2. As to the interruption and termination of the collaborative act, and whether the period of prescription expires

The lower court acknowledged the Plaintiff’s assertion that the collaborative act, which existed until February 2007, was completed due to the completion of bidding of the supply chemical fertilizer in the year 2007, even if all kinds of non-identical collaborative acts were established, based on the adoption of evidence, and acknowledged facts as stated in its reasoning. ① Not only the Plaintiff participated in the collaborative act in December 1998, but also the items to which the Plaintiff directly participated in the eight non-identical collaborative acts, among the eight non-types of this case; ② the Plaintiff did not participate in the agreement on tobacco or chlodrye bidding; ② the Plaintiff participated in the agreement on tobacco supply in the 208, 209, as well as the 2007-year supply of tobacco, NK Fertilizer, and Mean; ③ the Plaintiff did not appear to have participated in the agreement on the 19-year supply of tobacco in the 209-year supply of tobacco, and ④ the Plaintiff did not appear to have agreed on the 19-year treatment of the 19-year supply of tobacco.

In light of the relevant legal principles and records, such determination by the court below is just, and there is no error by misapprehending the legal principles on the interruption and termination of collaborative acts, and the period of extinctive prescription.

3. As to whether competition restriction exists

A. Whether a collaborative act restricts competition as provided by Article 19(1) of the Fair Trade Act should be determined individually by examining whether the collaborative act causes or is likely to cause impacts on the determination of price, quantity, quality, and other terms and conditions of trading by reducing competition in a particular business area due to the collaborative act in question, in light of the characteristics of the relevant product, consumers’ standard for choosing products, and the impact of the relevant act on the market and enterprisers on the competition. Furthermore, the act of jointly determining or changing price by enterprisers causes or is likely to cause impacts on the free determination of price according to their intent by reducing the price competition within the scope thereof, and such collaborative act by enterprisers is deemed unfair, barring any special circumstance (see, e.g., Supreme Court Decision 2008Du20376, May 26, 2011).
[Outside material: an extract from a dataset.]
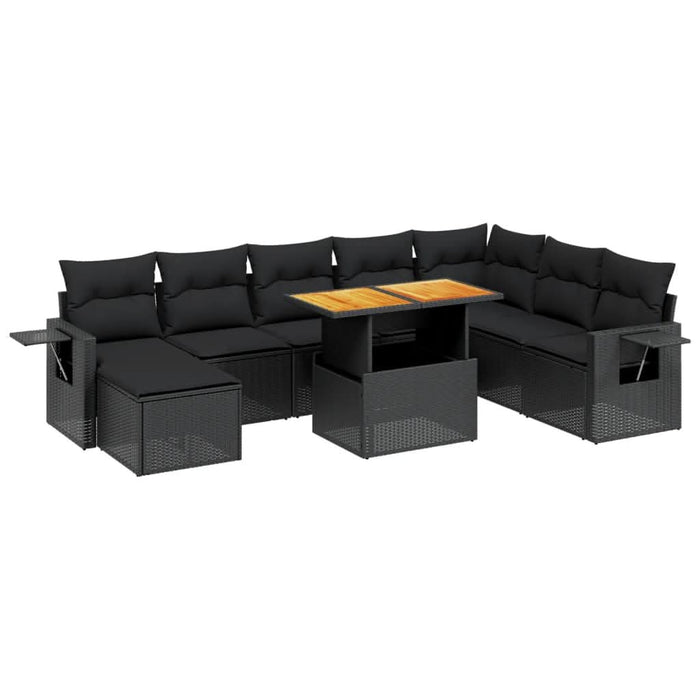 Set mobilier de grădină cu perne, 9 piese, negru, poliratan - WALTI WALTI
B. The lower court determined that: ① the maximum price for the purchase of agricultural cooperatives, etc. is the upper limit for the system purchase that is not disclosed to the public; ② the business entities, including the Plaintiff, etc., were meaningful to set a reasonable price and quantity through free competition among the business entities, including the Plaintiff, etc.; ② the Plaintiff, etc., would be prevented from bidding at a price considerably lower than the purchase price if they freely compete with each other; ③ would have engaged in the instant collaborative act in advance to supply the quantity they wished to do; ③ the supply quantity is not guaranteed even if it is awarded a successful bid due to the characteristics of the purchase without the order; ③ even if the supply quantity is determined by bidding, it is not possible to set the cooperative price and determine the quantity of the goods to be supplied to the local agricultural cooperatives or farmers at a price lower than the cooperative price; ② the Plaintiff et al., was prohibited from supplying the goods to be supplied to the Plaintiff, etc. at a price lower than the market price for the instant chemical transaction in which the Plaintiff et al., the Plaintiff et al. would be justified in the instant collaborative act.

C. Such determination by the court below is just in accordance with the legal principles as seen earlier, and it did not err by misapprehending the legal principles as to restrictions on competition of unfair collaborative acts.
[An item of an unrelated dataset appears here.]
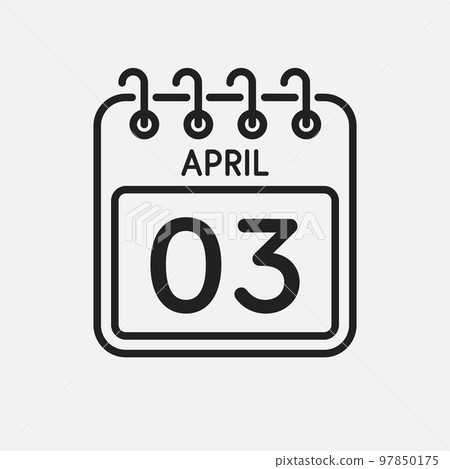Icon page calendar day - 3 April 97850175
4. As to the infringement of procedural right of defense

The lower court determined that the Plaintiff’s assertion to the effect that, unlike the review report, the Defendant’s collaborative act was constituted as to the entire non-party type, unlike the instant disposition, on the following grounds: (i) whether the instant collaborative act constitutes a single collaborative act by non-party type or all non-party type; (ii) whether the collaborative act constitutes a single collaborative act by including the whole non-party type, is merely different from the legal judgment on the same basic facts; and (iii) it cannot be deemed that the Defendant changed basic facts constituting the instant collaborative act in a series of procedures up to the disposition of the instant case or added new facts; and (iii) on January 11, 2012 prior to the instant disposition, certain enterprisers in the Defendant’s plenary session were constituted a separate collaborative act by non-party type, and thus, it cannot be deemed that there was a procedural error of infringement on the Plaintiff’s right to defense; and thus, (iv) it did not accept the allegation.

In light of relevant statutes, legal principles, and records, such determination by the court below is just, and there is no error of misapprehending the legal principles on granting of opportunity to state opinions and infringement of procedural right of defense under the Fair Trade Practices Act.

5. As to whether or not the discretion in the calculation of a penalty surcharge is deviates or abused

The lower court determined that (1) the Plaintiff’s assertion that part of the instant collaborative act could not be deemed to have been subject to the statute of limitations for disposal, and that the Defendant did not accept the Plaintiff’s assertion that the period of prescription for disposal was included in the relevant sales computed by the Defendant, and (2) the Defendant’s first on-site investigation was conducted on June 8, 2010 by June 11, 2010, solely on the ground that the Plaintiff notified other fertilizer enterprisers of the intent that “the Plaintiff would set the bid price and bid volume independently without performing the same collaborative act as the instant collaborative act on June 16, 2010.” (3) The Plaintiff cannot be deemed to have been unilaterally recommended or forced to participate in the instant collaborative act from large fertilizer enterprisers for a long time, and rather, the Plaintiff could not be deemed to have voluntarily participated in the instant collaborative act for a long time, and thus, it is difficult to deem that only the Plaintiff participated in the instant collaborative act or had been forced to participate in the instant simple act.”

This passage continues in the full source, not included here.